But these are not normal times.

Trump’s Presidency can best be categorized as a three-headed monster of mismanagement, deception and chaos. Trump turned the Covid-19 crisis into a national tragedy. His incompetence and lies cost human lives, and will cost many more if he gets re-elected. Many other, less public, but equally significant crises and opportunities were bungled, from the environment to domestic terrorism to health care to gun violence to press freedom to immigration.

How could our President separate hundreds of small children from their migrant parents ?

How could our President allow nearly 1 million American children to lose their health care in just 3.5 years ?

How could our President not recognize basic climate science and sell off our public lands in national monuments to private interests ?

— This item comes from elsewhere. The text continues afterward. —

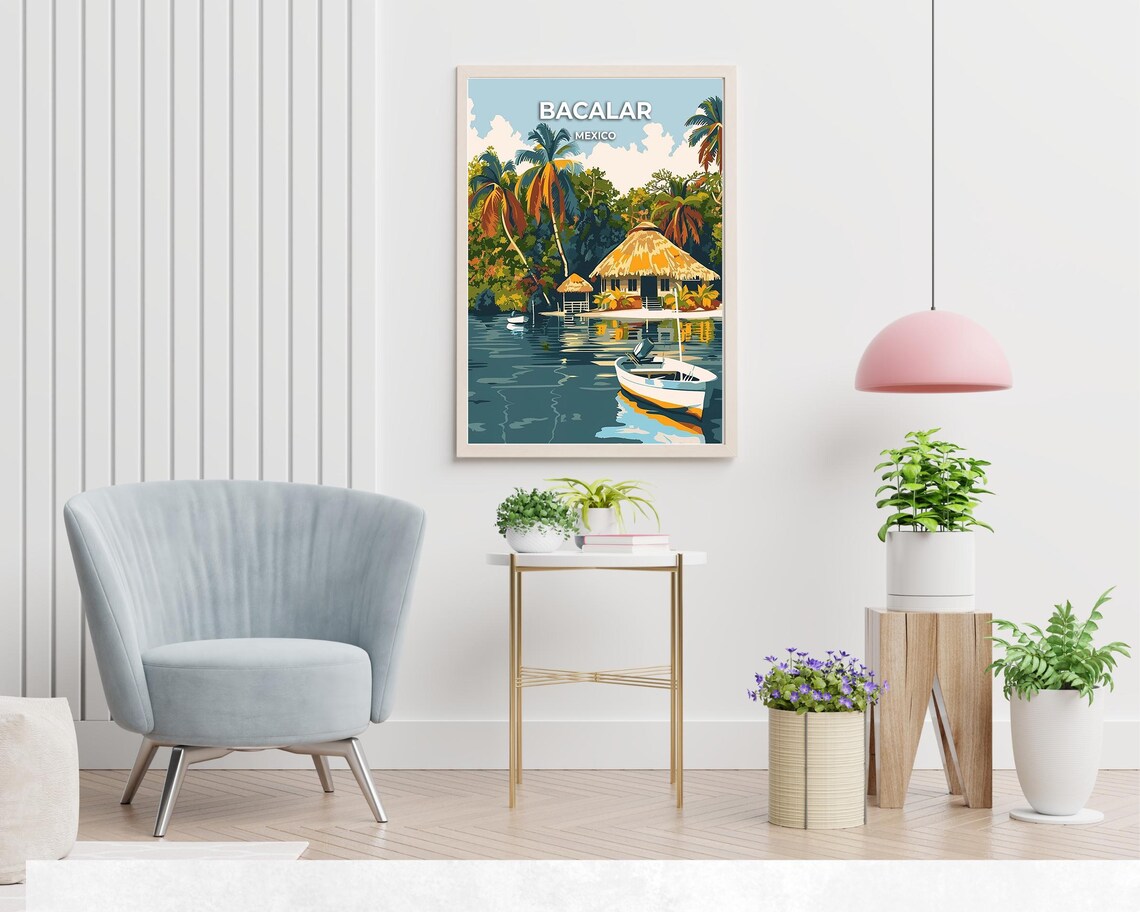 Bacalar Mexico Lagoon Palapa Hut and Fishing Boat Travel Poster - Image 2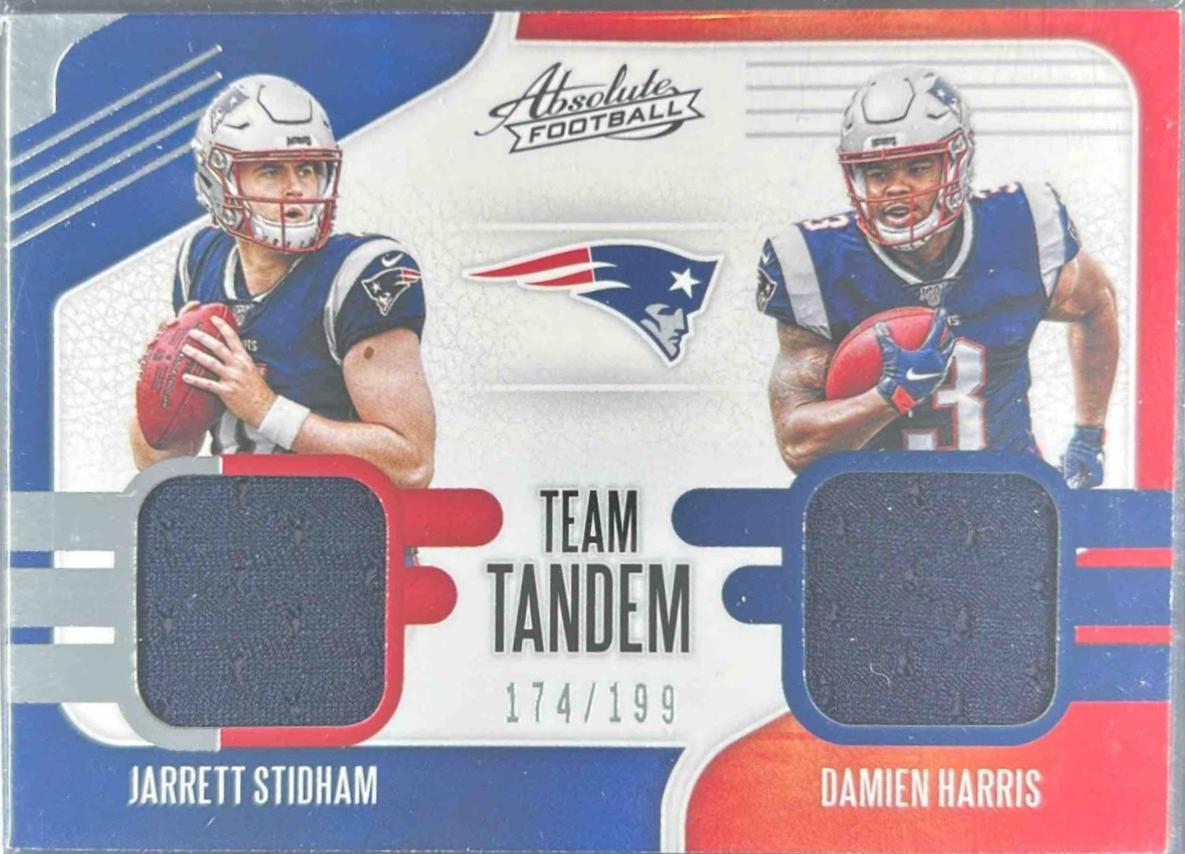 Damien Harris, Jarrett Stidham #TTM-NP2 Football Cards 2019 Panini Absolute Team Tandem Materials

How could our President not condemn the Saudi government for brutally murdering Jamal Khashoggi, a US-based journalist, on their soil ?

How could our President embolden white supremacists over and over again while cutting funding to combat domestic terrorism ?

This list goes on.

For con men like Trump, the Presidency is not a morality play, it is a self help scheme. There is no moral compass. The compass always points one way, to the Donald.

His own former chief of staff, General Kelly, called him the most “flawed human being” he’d ever come across.

I don’t doubt this statement.

Misinformation has been the currency of a morally bankrupt Presidency. According to those journalists assigned to the Trump Pinocchio beat, he lied and/or mislead nearly 50 times/day as President. This is a barrage of more than 20,000 lies since his inauguration. This must be some kind of deranged Guinness Record. He is the embodiment of a con man; the more you learn about him, the more you understand that lies aren’t just the things that come out of his mouth; everything about him is a total lie, from his business affairs, to his taxes, to his mistresses. This fraudulent nature would be fine if it were limited to the realm of reality TV, but as President, Donald Trump became a very real threat to everything I hold dear about this country.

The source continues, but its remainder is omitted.